- [DATA EXTRACTS]
-- Opening Marker --

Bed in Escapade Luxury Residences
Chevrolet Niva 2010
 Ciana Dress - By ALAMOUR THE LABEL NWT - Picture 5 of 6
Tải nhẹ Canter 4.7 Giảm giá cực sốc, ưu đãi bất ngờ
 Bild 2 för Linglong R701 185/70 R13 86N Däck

-- Closing Marker --

Every line of the data above belongs in the answer, unchanged.

- [SOLUTION TO THE PROBLEM]
Bed in Escapade Luxury Residences
Chevrolet Niva 2010
 Ciana Dress - By ALAMOUR THE LABEL NWT - Picture 5 of 6
Tải nhẹ Canter 4.7 Giảm giá cực sốc, ưu đãi bất ngờ
 Bild 2 för Linglong R701 185/70 R13 86N Däck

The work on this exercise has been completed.